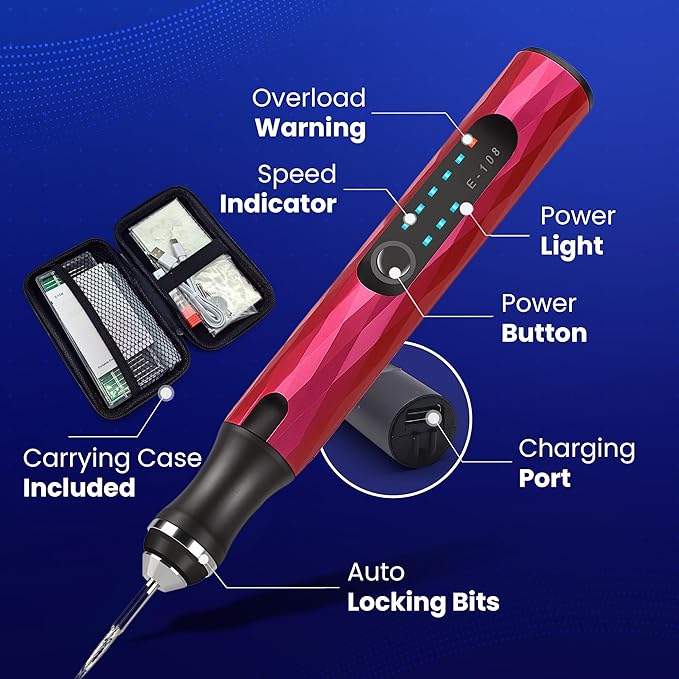 ELK Customizer Engraving Pen for All Materials - 2025 UPGRADED Torque - Rechargeable, Wireless & Beginner Friendly - Engrave 50+ Surfaces - For DIYers & Artists - 30+ Bits & Tools Included - Pink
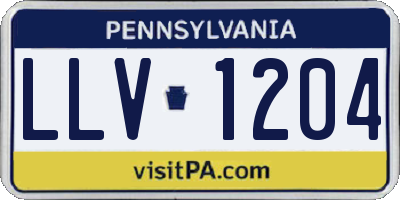 PA license plate LLV1204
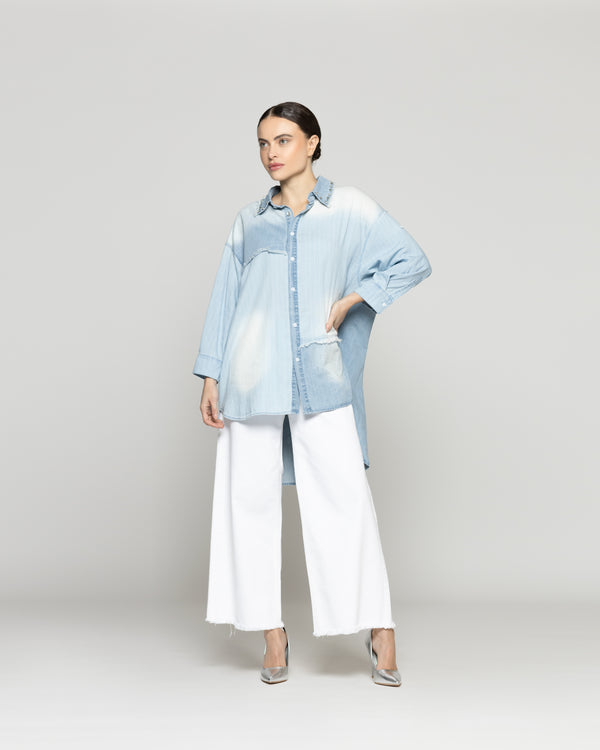 Camisa Mujer Lara Jeans Con Tachas Celeste Lineatre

----

ACTIVITY:
Reproduce the material word for word, minus the images.

RESPONSE AREA:
 ELK Customizer Engraving Pen for All Materials - 2025 UPGRADED Torque - Rechargeable, Wireless & Beginner Friendly - Engrave 50+ Surfaces - For DIYers & Artists - 30+ Bits & Tools Included - Pink
 PA license plate LLV1204
 Camisa Mujer Lara Jeans Con Tachas Celeste Lineatre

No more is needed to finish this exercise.